Amuse: Butternut Squash Soup - with Chive Cream
To start we were served a smooth butternut squash soup with chive cream. The problem with butternut squash is it can be too sweet but had a savoriness accented by salt crouton bits. The chive cream lingers long after the butternut squash dissipates giving a refreshing vegetal note.
Bread - Olive, Sourdough, Baguette
The breads were extremely unimpressive, cold and hard they had distinctive flavors but awful textures. I don't think anyone ate more than a bite of each. For some unknown reason they paired olive butter with the breads, including an olive bread.
Supplement: Duck Foie Gras Terrine - Qunice Chutney/Gelée Huckleberry/Duck Vinaigrette, Toasted Baguette
The first of two supplements was a foie gras terrine layered with fruit gelée. The terrine had a nice smooth texture but lacked enough unctuousness for my taste.
Supplement: Sweetbread "Meuniére" - Egg Purse, Wild Mushrooms, Brioche
The sweetbreads were very firm, with a rich gamy component that worked very well with the mushrooms. I thought the egg white was a touch too firm but my dining companions seemed to enjoy it.

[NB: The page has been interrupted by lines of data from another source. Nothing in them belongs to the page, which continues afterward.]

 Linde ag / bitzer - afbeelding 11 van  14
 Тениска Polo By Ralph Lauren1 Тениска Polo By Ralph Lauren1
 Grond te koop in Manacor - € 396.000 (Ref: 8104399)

01: Cucumber Vinegar Marinated Hamachi - Avocado, Granny Smith, Long Pepper, Green Apple Mustard
The fish was a touch warm but was nicely flavored by the light freshness of the cucumber vinegar. The addition of the accouterments definitely distracts from the natural flavor of the fish. After a couple of trials we felt the green apple mustard (which tastes a lot like a green Jolly Rancher) was the best paring with the hamachi as it added a unique flavor while allowing the fish to come to the fore.
02: Glazed Multicolor Vegetable Composition - Natural Jus Reduction
The kitchen took a very structured approach to this course, Each of the cooked vegetables had a subtle difference but I think the cooking gave the dish a uniform sweetness, not quite as good as the fresh versions served in San Francisco.

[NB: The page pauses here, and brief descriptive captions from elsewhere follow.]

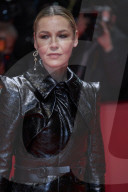 'Peter von Kant' Premiere & Opening Red Carpet, 72nd Berlinale Film Festival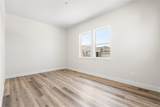 7340 Timberstone Street - Photo 21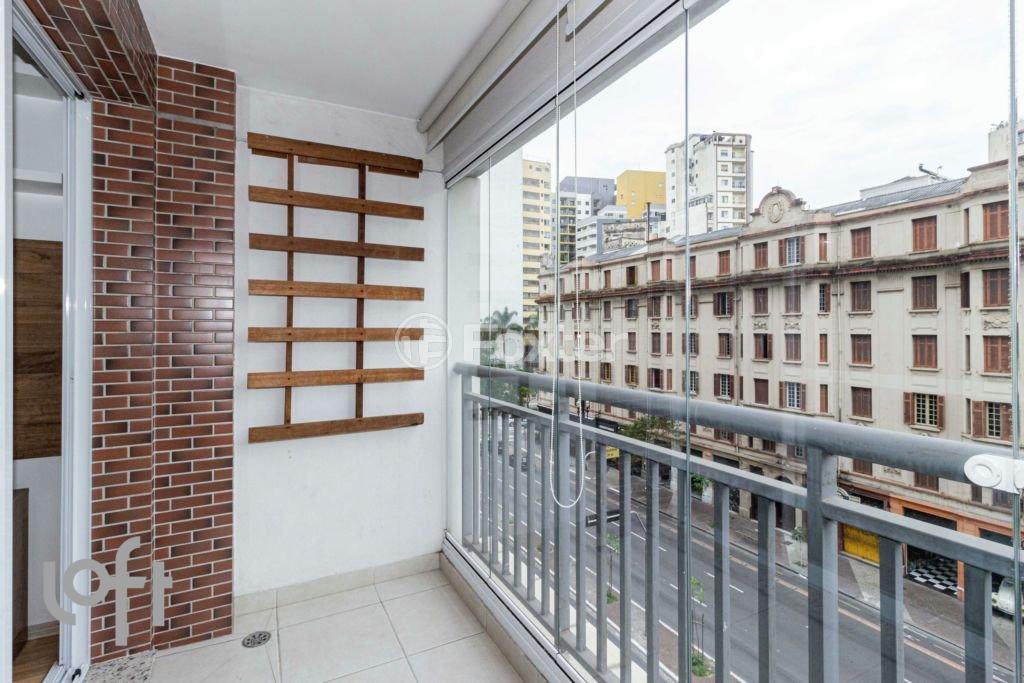 07-APARTAMENTO-1D-REPUBLICA-SAO-PAULO-955707 .jpg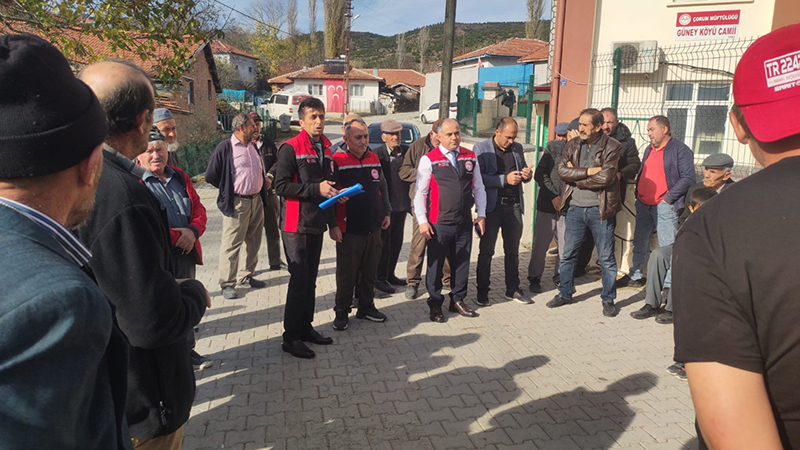 587736972 122212271660108366 20961692416265700 N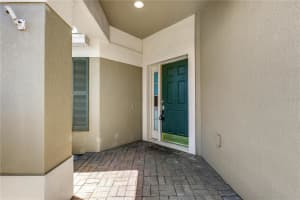 133 SEDONIA COURT, DAVENPORT, FL 33837 - MLS#MFRS5143965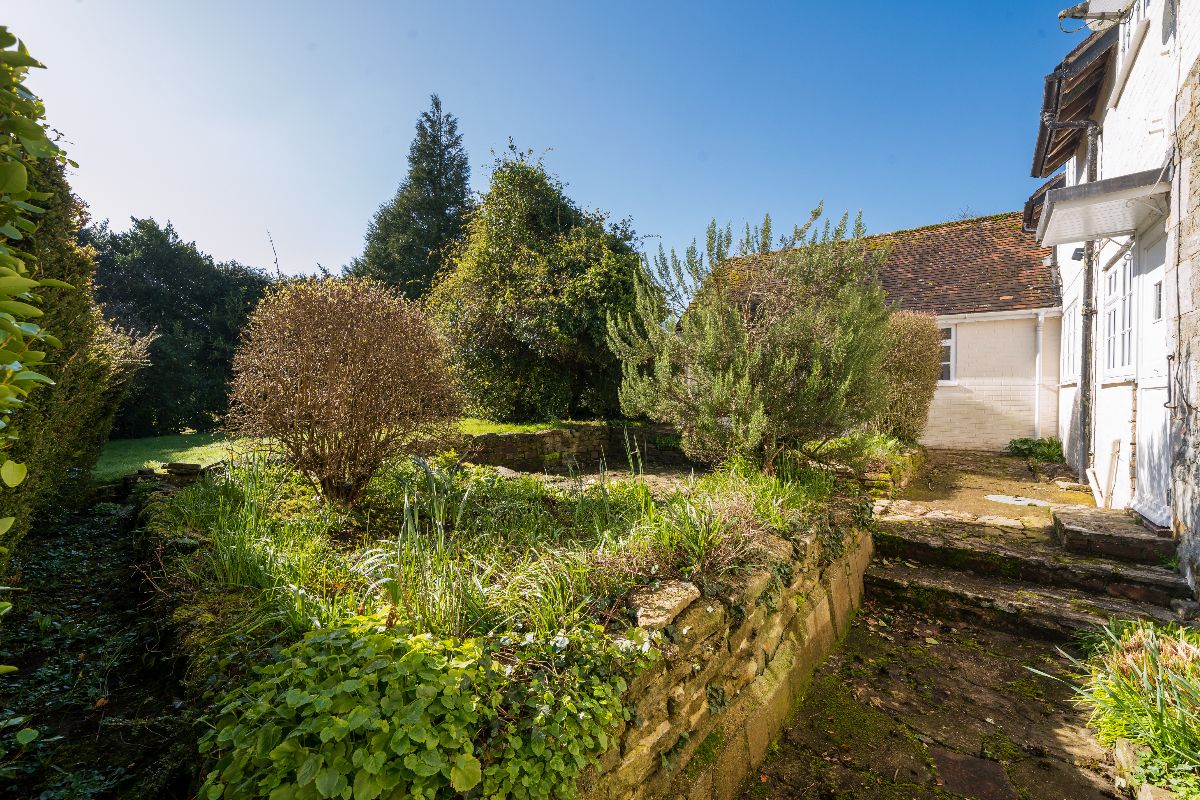 4 bed detached house to rent in Quidham Street, Bowerchalke 15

03: Butter Poached Maine Lobster - Pasta Impression, Zucchini Rings, Tomato Petal
The lobster was quite inconsistent, some of it was nice and supple while other pieces were overcooked and rubbery. The tomato and zucchini tended to be a bit salty although was quite nice when taken with the pasta. I was a bit apprehensive about the use of a red sauce with the lobster but it turned out pretty well.
04: Duck Breast Fillet "Au Plat" - Creamy Polenta, Shallots, Radish, Nicoise Olives
The last savory course was a duck breast served with a salty Asian flavor. I thought the breast was a touch overdone and dry, the result was a kind of gritty texture that detracted from the dish. I typically don't care for polenta but this had a salty sweetness that reminded me of Chinese tapioca dessert.

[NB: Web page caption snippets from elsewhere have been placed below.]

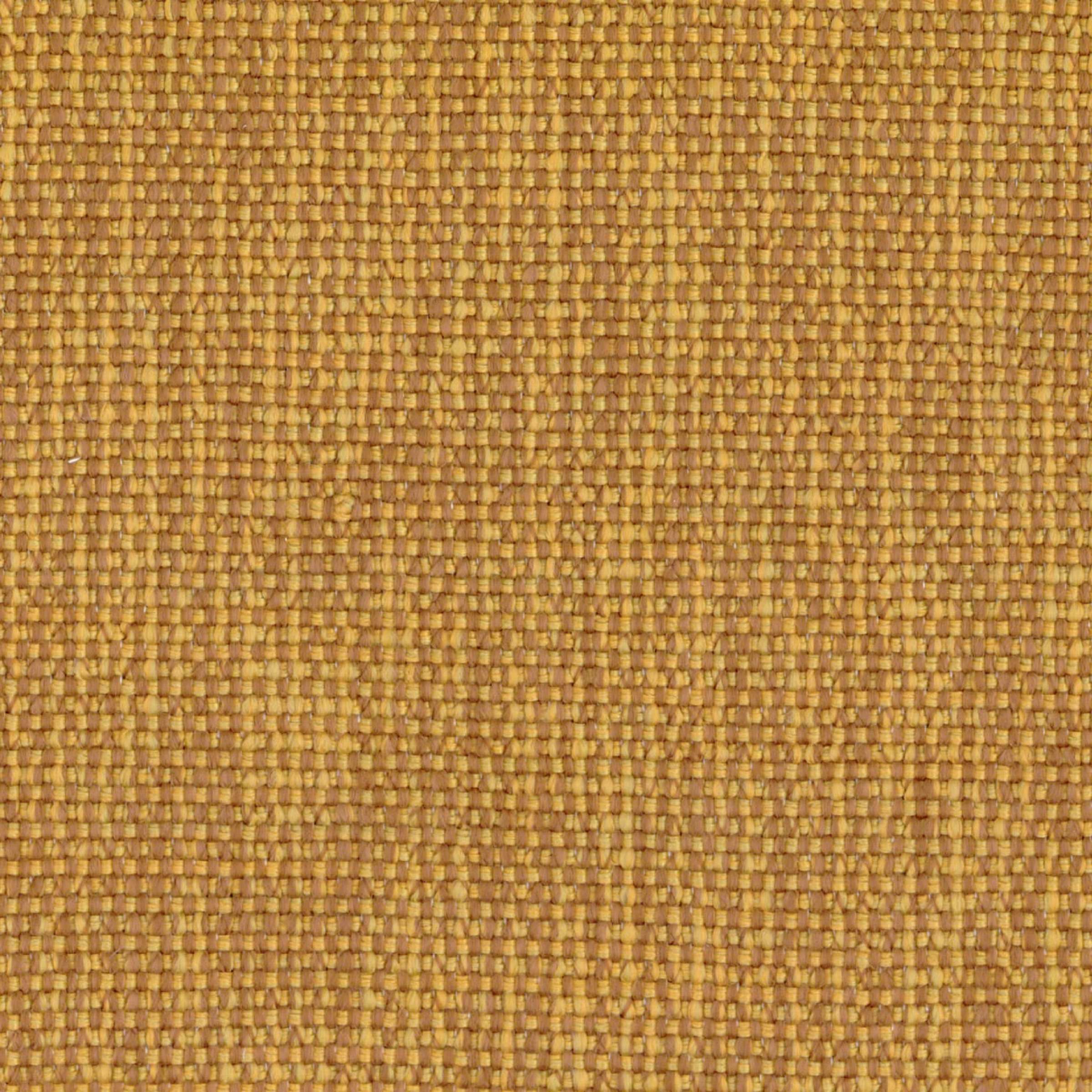 Impression chaleureuse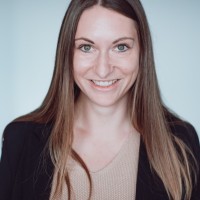 Katja Kraus-Stelzer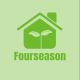 Fourseason Thai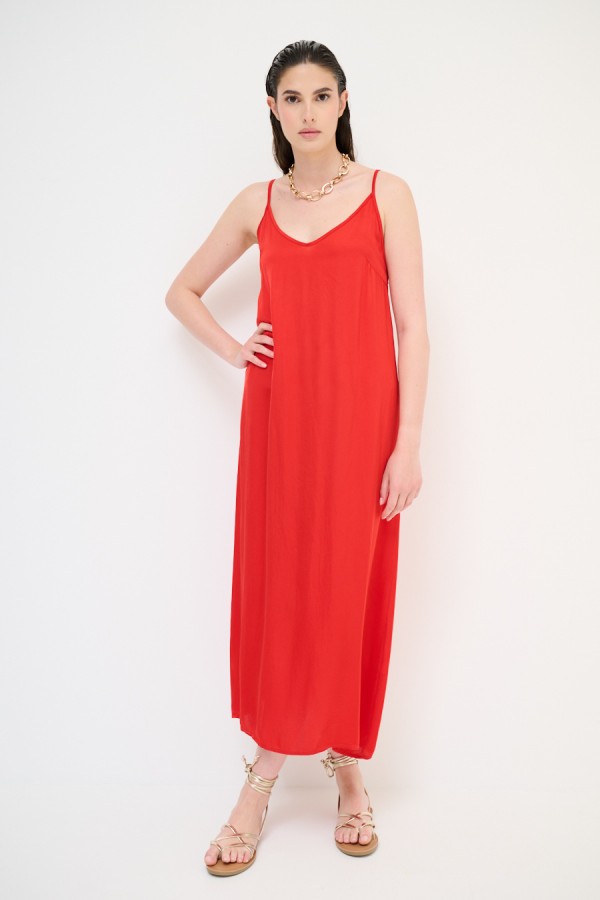 KXAB0543RED-1.jpg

05: Apple Sablé - Granny Smith Sorbet, Calvados Emulsion, Vanilla Cream
Sablé cookie is basically a short bread, paired with apple sorbet and vanilla this reminded me of an apple pie or tart. The distinctive preparation of each ingredient results in a stellar multi-dimensional affair, the various textural and temperature contrasts elevate this far above your typical apple pie.
Mignardises - Raspberry Macaroon, Chocolate Macaroon, Passionfruit White Chocolate, Vanilla Rum Dark Chocolate
Fairly typical mignardises, the raspberry macaroon was particularly good with a hard outer crunch that yielded a soft chewiness sweetened with a jammy raspberry center.
Overall I was a bit disappointed with my first fine-dining experience in New York. The courses were technically solid, but aside from the dessert, they lacked something that would make them truly memorable. For a restaurant that supposedly put so much effort into its wine, the only thing truly impressive was the price, 2.5 glasses and a cocktail ended up costing one of my companions $135, more than the cost of the tasting menu ($110).